The method on wikipedia is pretty much the universal method for finding an MLE. You get the likelihood (which they do), typically convert to using the log-likelihood (because it simplifies things), take the derivative and set equal to 0 and then solve for the parameter.

Have you found any MLEs before? Is this for a class?

StatsBeginner

New Member
I think I'm just tired, everything's clear now. It's the first time I see the equation which sets the derivative not only equal to 0 but also considers it <0 and >0. What's the point of setting this derivative <0 and >0? Can't I just omit it?

Dason

Using that additional information is one way to show that the value is a maximum and not a minimum.

StatsBeginner

New Member
Wikipedia uses λexp(-λx1). Is it the same as λe^(−λx)? If so, why do they write λexp(-λx1)?

GretaGarbo

Human
The expression "exp(x)" means the same thing as "e^x". It is just two different ways of writing the same thing. The number "e" is about 2.718.

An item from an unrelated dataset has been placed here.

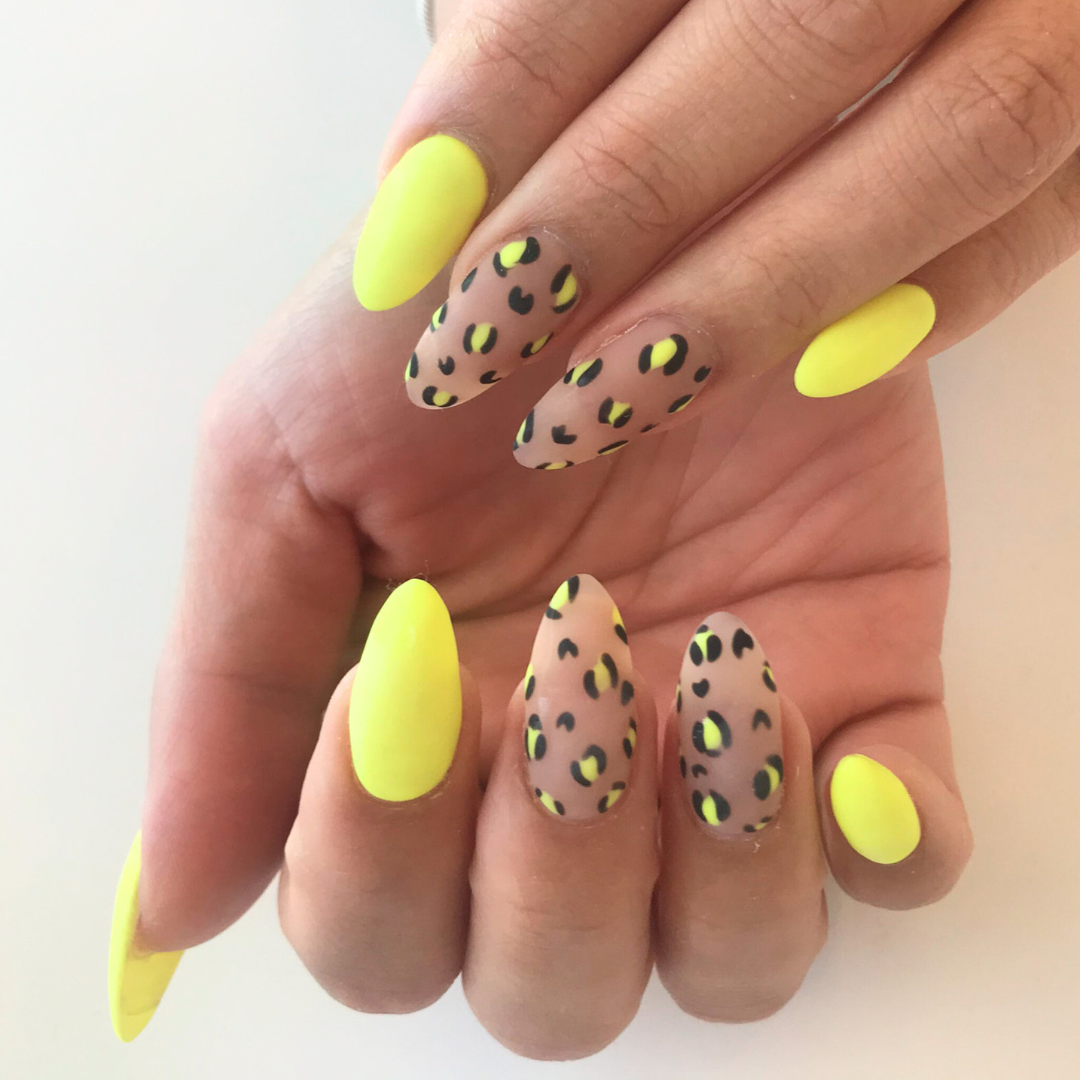 Nail art featuring yellow nails and leopard print design on some nails.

So "lambda*exp(-lambda*x)" is the same thing as "lambda*e^(-lambda*x)".

By the way, the exponential distribution is a distribution for a continuous variable, like the time between two random events.

The exponential distribution is related to the Poisson distribution. But the Poisson distribution is for a discrete variable, like number of events within a specified time period. So the Poisson variable could take values like 0, 1, 2, 3, 4,....